To address these difficulties, a simplified version of statistical discourse analysis (SDA) is used (Chiu, 2008a; Chiu & Khoo, 2005). First, missing data can reduce estimation efficiency, complicate data analyses, and bias results. Computer simulations showed that estimating the missing data with Markov Chain Monte Carlo multiple imputation (MCMC-MI) addressed these missing data issues more effectively than deletion, mean substitution, or simple imputation (Peugh & Enders, 2004). Second, to capture the tree structure of branches of messages, a variable identifies and stores the message to which the current message responds along a thread (in Fig. 23.1 for example, message 4 responds to message 2 [not message 3]), thereby enabling identification of any ordinal predecessor of any message along a thread. Third, messages within the same topic (especially those near one another) likely resemble one another more than messages across topics, so they are likely not independent. Modeling messages across topics requires multilevel analysis (Goldstein, 1995; also known as hierarchical linear modeling, Bryk & Raudenbush, 1992). Fourth, resemblances among adjacent messages can result in serial correlation of errors if not modeled properly (Kennedy, 2008). An I ² index of Q-statistics can test messages across many topics simultaneously for serial correlation, which can be modeled if needed (Goldstein, Healy, & Rasbash, 1994; Huedo-Medina et al., 2006; Ljung & Box, 1979).

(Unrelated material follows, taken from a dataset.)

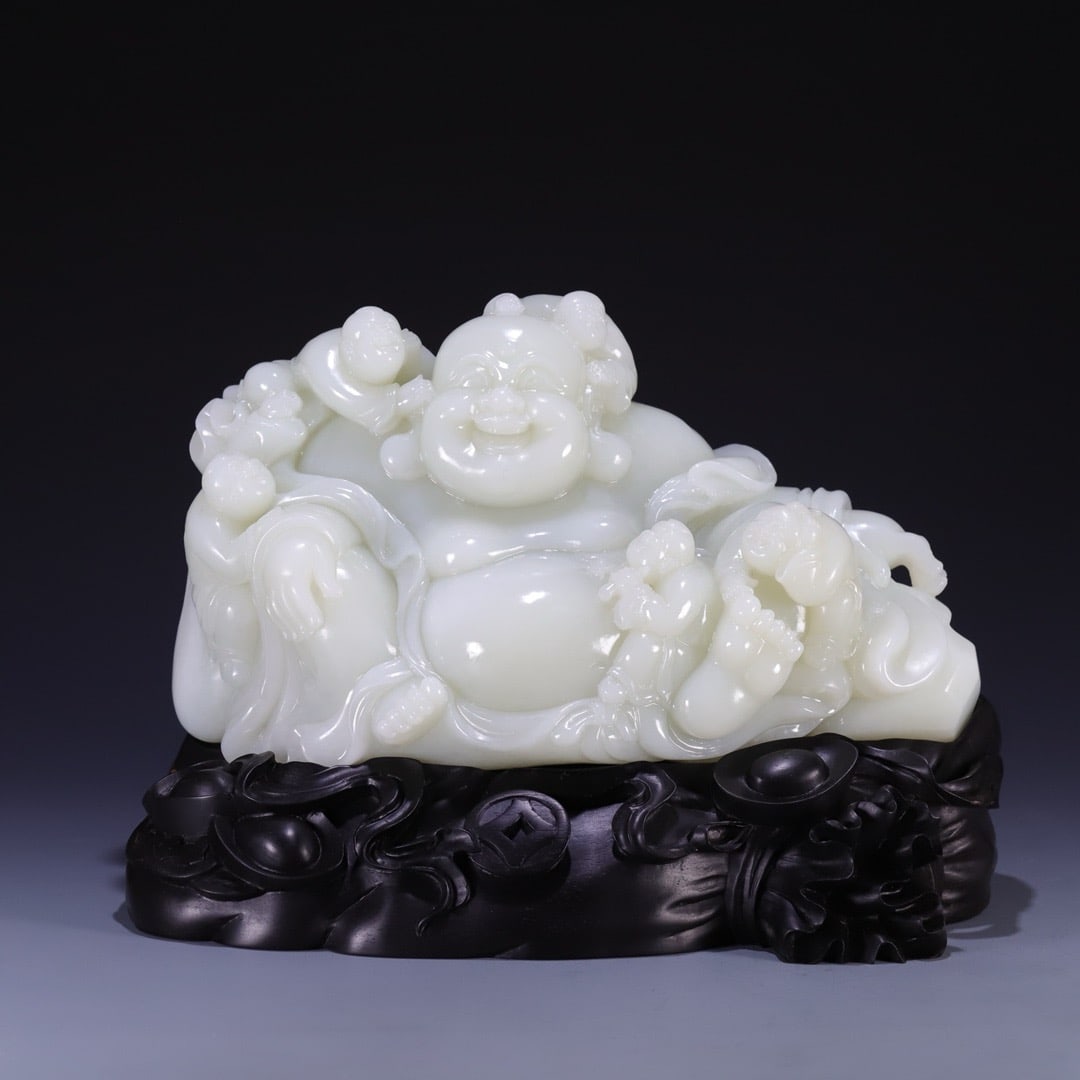 Maitreya Ornaments for Hetian Jade Wuzi Opera in Qing Dynasty: H14 cm W 24cm Wight 4796g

The four dependent variables were binary and infrequent (new fact, ask for explanation, theory, and summarize). To model a binary dependent variable, Logit or Probit is used. When dependent variables occur far less than 50 % of the time, standard regressions will yield biased results. To remove this bias, King and Zeng’s (2001) bias estimator is used. Multiple outcomes can have correlated residuals that underestimate standard errors. To model several dependent variables properly, a multivariate outcome analysis is needed (Goldstein, 1995).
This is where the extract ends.